■ **Problem description**:
Stopping at the line that holds "326 feet of", repeat the lines below exactly, starting from the very first and including that final line.

Saved entries
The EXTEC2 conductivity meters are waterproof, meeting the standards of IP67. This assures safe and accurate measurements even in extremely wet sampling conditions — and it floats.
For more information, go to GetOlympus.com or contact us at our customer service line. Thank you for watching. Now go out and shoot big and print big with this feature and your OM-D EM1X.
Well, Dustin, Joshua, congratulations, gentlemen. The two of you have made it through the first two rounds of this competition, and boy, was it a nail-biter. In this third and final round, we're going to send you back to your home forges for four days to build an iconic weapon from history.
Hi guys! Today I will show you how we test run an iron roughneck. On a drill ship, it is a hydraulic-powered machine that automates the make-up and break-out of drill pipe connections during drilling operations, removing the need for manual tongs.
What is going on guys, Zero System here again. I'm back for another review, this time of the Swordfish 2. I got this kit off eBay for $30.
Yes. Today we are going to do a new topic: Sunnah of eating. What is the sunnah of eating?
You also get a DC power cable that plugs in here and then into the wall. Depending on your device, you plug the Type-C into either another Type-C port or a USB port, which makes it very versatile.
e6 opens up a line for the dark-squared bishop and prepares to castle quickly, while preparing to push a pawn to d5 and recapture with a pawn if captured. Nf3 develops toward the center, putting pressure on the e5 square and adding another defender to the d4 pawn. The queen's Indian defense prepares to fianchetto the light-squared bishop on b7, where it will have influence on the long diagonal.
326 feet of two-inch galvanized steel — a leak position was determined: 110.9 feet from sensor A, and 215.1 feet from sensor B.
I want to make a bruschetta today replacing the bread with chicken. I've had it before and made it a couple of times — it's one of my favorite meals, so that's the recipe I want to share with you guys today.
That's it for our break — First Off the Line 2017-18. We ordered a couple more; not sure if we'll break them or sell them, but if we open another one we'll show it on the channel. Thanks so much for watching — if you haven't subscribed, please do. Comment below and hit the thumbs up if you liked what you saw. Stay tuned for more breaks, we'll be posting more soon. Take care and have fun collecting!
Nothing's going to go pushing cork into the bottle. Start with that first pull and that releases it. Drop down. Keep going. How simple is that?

■ **Reply**:
The EXTEC2 conductivity meters are waterproof, meeting the standards of IP67. This assures safe and accurate measurements even in extremely wet sampling conditions — and it floats.
For more information, go to GetOlympus.com or contact us at our customer service line. Thank you for watching. Now go out and shoot big and print big with this feature and your OM-D EM1X.
Well, Dustin, Joshua, congratulations, gentlemen. The two of you have made it through the first two rounds of this competition, and boy, was it a nail-biter. In this third and final round, we're going to send you back to your home forges for four days to build an iconic weapon from history.
Hi guys! Today I will show you how we test run an iron roughneck. On a drill ship, it is a hydraulic-powered machine that automates the make-up and break-out of drill pipe connections during drilling operations, removing the need for manual tongs.
What is going on guys, Zero System here again. I'm back for another review, this time of the Swordfish 2. I got this kit off eBay for $30.
Yes. Today we are going to do a new topic: Sunnah of eating. What is the sunnah of eating?
You also get a DC power cable that plugs in here and then into the wall. Depending on your device, you plug the Type-C into either another Type-C port or a USB port, which makes it very versatile.
e6 opens up a line for the dark-squared bishop and prepares to castle quickly, while preparing to push a pawn to d5 and recapture with a pawn if captured. Nf3 develops toward the center, putting pressure on the e5 square and adding another defender to the d4 pawn. The queen's Indian defense prepares to fianchetto the light-squared bishop on b7, where it will have influence on the long diagonal.
326 feet of two-inch galvanized steel — a leak position was determined: 110.9 feet from sensor A, and 215.1 feet from sensor B.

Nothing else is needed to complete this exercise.